Course Overview
Druid For Data Engineers

Forecasting Data Stored In Apache Druid

Lesson #5

In this lesson we will:

  • Work through a scenario for forecasting using data stored in Apache Druid#.

Introduction

Apache Druid is an open source database which is well suited for real time, analytical workloads. Druid is the database which underlies Timeflow, our real time event processing platform, which we make fully available to our customers to use for their steam processing or subsequent offline analysis.

In previous articles we discussed how to create simple visualizations in Plotly using real time data stored within Druid. We also looked at simple Anomaly detection, making use of the Facebook Prophet library.

To continue our example, we now wish to begin forecasting using our order time series data in order to predict the number of expected orders over the next period. This time we will make use of an XGBOOST algorithm to demonstrate an alternate approach over Prophet.

Extract Druid via JSON HTTP API

As per last time, the first step is to extract our data of interest from Druid via our preferred HTTP API:

    # define the Druid URL
    url = 'http://druid_ip:druid_port/druid/v2/?pretty'

    # define the Druid query
    query = {'queryType': 'scan',
             'dataSource': '1_1_Orders',
             'intervals': ['2020-06-01T00:00:00.000Z/2020-06-03T00:00:00.000Z'],
             'granularity': 'all'}

    # run the Druid query
    results = requests.post(url, headers={'Content-Type': 'application/json'}, json=query).json()

Convert Data Into Pandas and Perform Exploratory Analysis

Again, we will convert our dataset to a Pandas dataframe and carry out some exploratory analysis of the dataset to get a feel for the data returned.

There is a little complexity here as our dataset gets larger, in that we have to merge the data from multiple Druid segments as we build up our dataframe.

    # extract all segments in a data frame
    df = pd.DataFrame(results[0]['events'])

    for i in range(1, len(results)):

        df = df.append(pd.DataFrame(results[i]['events']))

    # organize the data frame
    df.drop_duplicates(inplace=True)
    df = df[['__time', 'Value']]
    df.rename(columns={'__time': 'time', 'Value': 'value'}, inplace=True)
    df['time'] = df['time'].apply(lambda x: datetime.utcfromtimestamp(x / 1000))
    df['value'] = df['value'].astype(float)
    df.sort_values(by='time', inplace=True)
    df.reset_index(inplace=True, drop=True)

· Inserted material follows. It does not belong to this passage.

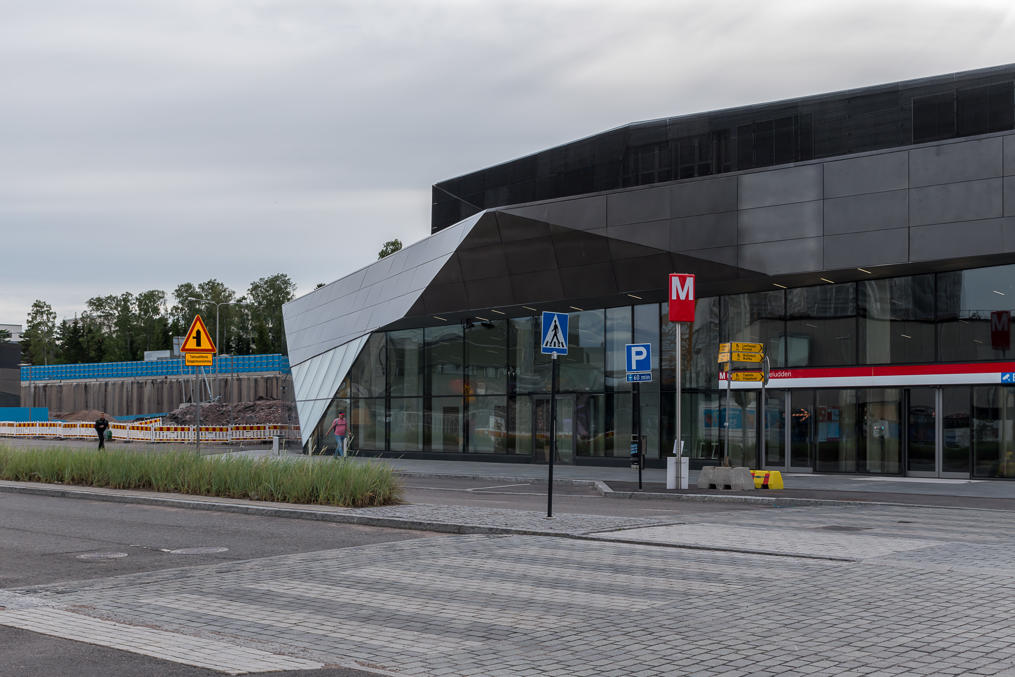 Keilaniemi station entrance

Again we can do some standard Pandas based exploratory analysis to ensure we have a good dataset:

    df.head()
    df.tail()
    df.describe()
    (df['value'] > 100).sum()

Forecasting

    # Define the length of the forecasting window.
    n = 1440

    # Construct the features.
    t_past = df['time']
    X_past = np.transpose(np.vstack([t_past.dt.day.values, t_past.dt.hour.values, t_past.dt.minute.values, t_past.dt.second.values]))

    # Scale The Features
    scaler = MinMaxScaler().fit(X_past)
    X_past = scaler.transform(X_past)

    # Fit The Model
    xgboost = xgb.XGBRegressor(n_estimators=600, max_depth=2).fit(X_past, df['value'].values)

    # Examine Feature Importances
    [[x, format(y, '.4f')] for x, y in zip(['day', 'hour', 'minute', 'second'], xgboost.feature_importances_.tolist())]

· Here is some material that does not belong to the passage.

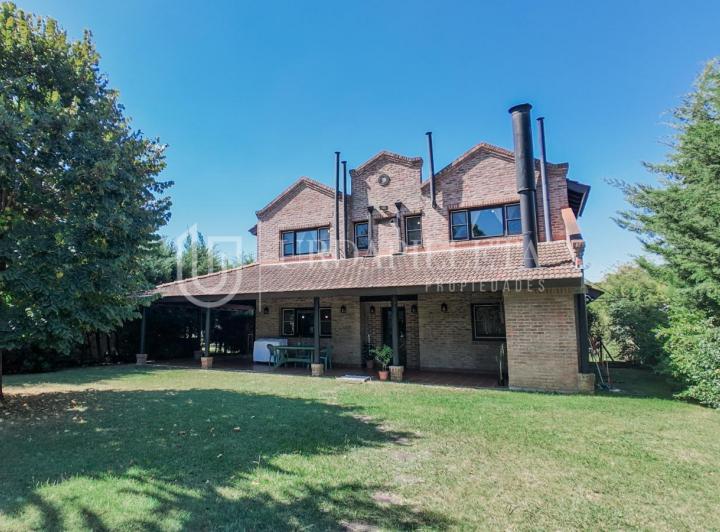 Casa · 140m² · 3 Dormitorios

    # Extract The In Sample Predictions
    predictions = pd.DataFrame({'time': t_past, 'value': xgboost.predict(X_past)})
    predictions.head()


    # Generate The Out Of Sample Predictions
    t_future = pd.date_range(start=df['time'].values[-1], periods=n, freq='T')
    X_future = np.transpose(np.vstack([t_future.day.values, t_future.hour.values, t_future.minute.values, t_future.second.values]))
    X_future = scaler.transform(X_future)
    forecasts = pd.DataFrame({'time': t_future, 'value': xgboost.predict(X_future)})
    forecasts.head()

Visualising Results With Plotly

The next step is to take the results of the forecast and plot in an interactive Plotly plot to visualise the results.

    # create the layout
    layout = {'plot_bgcolor': 'white',
              'paper_bgcolor': 'white',
              'margin': {'t':10, 'b':10, 'l':10, 'r':10, 'pad':0},
              'legend': {'x': 0, 'y': 1.1, 'orientation': 'h'},
              'font': {'size': 8},
              'yaxis': {'showgrid': True,
                        'zeroline': False,
                        'mirror': True,
                        'color': '#737373',
                        'linecolor': '#d9d9d9',
                        'gridcolor': '#d9d9d9',
                        'tickformat': '$,.0f'},
              'xaxis': {'showgrid': True,
                        'zeroline': False,
                        'mirror': True,
                        'color': '#737373',
                        'linecolor': '#d9d9d9',
                        'gridcolor': '#d9d9d9',
                        'type': 'date',
                        'tickformat': '%d %b %y %H:%M',
                        'tickangle': 0,
                        'nticks': 5}}

    # create the traces
    data = []

    data.append(go.Scatter(x=df['time'],
                           y=df['value'],
                           mode='markers',
                           marker=dict(color='#343a40', size=4),
                           name='Orders',
                           hovertemplate='<b>Actual</b><br>'
                           '<b>Time:</b> %{x|%d %b %Y %H:%M}<br>'
                           '<b>Value:</b> %{y: $,.2f}<extra></extra>'))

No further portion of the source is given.